# Continuity of the inverse of a linear operator

1. Jan 5, 2014

### AxiomOfChoice

If $g(a) \neq 0$ and both $f$ and $g$ are continuous at $a$, then we know the quotient function $f/g$ is continuous at $a$.

Now, suppose we have a linear operator $A(t)$ on a Hilbert space such that the function $\phi(t) = \| A(t) \|$, $\phi: \mathbb R \to [0,\infty)$, is continuous at $a$. Do we then know that the function $\varphi(t) = \|A(t)^{-1}\|$, $\varphi: \mathbb R \to [0,\infty)$ is continuous at $a$, provided the inverse exists there? Any ideas on how to tackle this question?

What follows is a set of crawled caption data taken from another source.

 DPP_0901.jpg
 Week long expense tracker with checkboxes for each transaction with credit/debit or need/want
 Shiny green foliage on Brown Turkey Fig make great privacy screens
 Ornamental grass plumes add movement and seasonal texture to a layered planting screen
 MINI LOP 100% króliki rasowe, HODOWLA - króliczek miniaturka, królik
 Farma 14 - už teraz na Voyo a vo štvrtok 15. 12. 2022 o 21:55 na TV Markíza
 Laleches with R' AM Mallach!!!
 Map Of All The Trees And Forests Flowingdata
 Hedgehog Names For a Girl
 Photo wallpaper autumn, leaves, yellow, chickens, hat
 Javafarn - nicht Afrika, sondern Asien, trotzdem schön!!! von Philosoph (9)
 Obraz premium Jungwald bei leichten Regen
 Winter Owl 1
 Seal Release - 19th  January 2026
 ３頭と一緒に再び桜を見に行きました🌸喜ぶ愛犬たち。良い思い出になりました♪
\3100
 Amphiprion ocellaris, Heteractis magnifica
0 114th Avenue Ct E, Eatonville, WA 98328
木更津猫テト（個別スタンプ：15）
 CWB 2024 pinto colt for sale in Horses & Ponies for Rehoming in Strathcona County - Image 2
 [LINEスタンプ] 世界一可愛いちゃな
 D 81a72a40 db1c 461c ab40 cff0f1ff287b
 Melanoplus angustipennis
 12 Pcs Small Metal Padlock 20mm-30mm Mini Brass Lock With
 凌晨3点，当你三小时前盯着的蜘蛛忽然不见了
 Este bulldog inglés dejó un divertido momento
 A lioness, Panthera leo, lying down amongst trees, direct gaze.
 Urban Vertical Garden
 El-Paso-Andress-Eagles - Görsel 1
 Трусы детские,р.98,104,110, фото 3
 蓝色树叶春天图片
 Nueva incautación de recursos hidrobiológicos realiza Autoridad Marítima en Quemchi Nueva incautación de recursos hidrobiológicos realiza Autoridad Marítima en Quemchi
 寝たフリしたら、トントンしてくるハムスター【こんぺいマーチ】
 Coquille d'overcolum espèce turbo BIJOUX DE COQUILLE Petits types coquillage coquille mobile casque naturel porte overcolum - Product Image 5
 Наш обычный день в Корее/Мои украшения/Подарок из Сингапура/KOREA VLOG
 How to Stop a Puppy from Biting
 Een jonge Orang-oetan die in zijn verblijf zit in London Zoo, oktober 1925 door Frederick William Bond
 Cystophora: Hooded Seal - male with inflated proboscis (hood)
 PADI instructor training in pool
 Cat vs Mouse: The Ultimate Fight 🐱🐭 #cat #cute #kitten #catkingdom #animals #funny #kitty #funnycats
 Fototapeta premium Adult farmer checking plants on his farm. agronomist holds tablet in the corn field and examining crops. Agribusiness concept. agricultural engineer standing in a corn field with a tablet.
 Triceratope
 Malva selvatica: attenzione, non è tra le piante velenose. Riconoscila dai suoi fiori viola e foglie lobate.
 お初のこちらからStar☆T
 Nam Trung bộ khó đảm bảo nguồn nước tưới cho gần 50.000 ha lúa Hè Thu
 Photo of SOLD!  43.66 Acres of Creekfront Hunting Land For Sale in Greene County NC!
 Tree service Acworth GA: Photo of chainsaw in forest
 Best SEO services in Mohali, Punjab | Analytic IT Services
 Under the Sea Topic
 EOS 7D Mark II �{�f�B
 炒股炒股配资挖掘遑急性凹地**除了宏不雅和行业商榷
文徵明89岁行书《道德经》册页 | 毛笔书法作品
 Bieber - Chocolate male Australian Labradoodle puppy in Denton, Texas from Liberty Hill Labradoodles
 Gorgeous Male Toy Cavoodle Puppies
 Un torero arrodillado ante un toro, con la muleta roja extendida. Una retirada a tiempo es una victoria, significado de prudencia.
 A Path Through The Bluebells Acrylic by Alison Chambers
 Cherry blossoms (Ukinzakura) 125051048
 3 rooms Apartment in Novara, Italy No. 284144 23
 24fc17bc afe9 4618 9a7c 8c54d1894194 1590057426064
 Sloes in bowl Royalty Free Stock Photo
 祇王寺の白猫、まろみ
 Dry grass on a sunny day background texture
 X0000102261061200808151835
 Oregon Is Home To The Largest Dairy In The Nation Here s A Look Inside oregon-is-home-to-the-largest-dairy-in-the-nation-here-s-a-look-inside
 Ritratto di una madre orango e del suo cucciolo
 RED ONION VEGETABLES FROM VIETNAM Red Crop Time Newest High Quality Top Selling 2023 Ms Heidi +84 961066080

I guess I should add that $A(t)$ is a family of bounded linear operators depending on a continuous real parameter $t$.

Last edited: Jan 5, 2014
2. Jan 9, 2014

### WannabeNewton

You're basically asking whether the function $A\rightarrow A^{-1}$ is continuous where it is defined in $\mathcal{B}(X,X)$ (the normed space of bounded operators on a Banach space). This is in fact true in any Banach algebra. For example, see http://www.iith.ac.in/~rameshg/banachalgebras.pdf Proposition 2.4 at page 10. Now, the function $t\rightarrow \|A(t)^{-1}\|$ is the composition of the continuous functions $t\rightarrow A(t)$, $A\rightarrow A^{-1}$ and $A\rightarrow \|A\|$, and is thus continuous.

3. Jan 12, 2014

### AxiomOfChoice

This was a very helpful response. Thanks very much!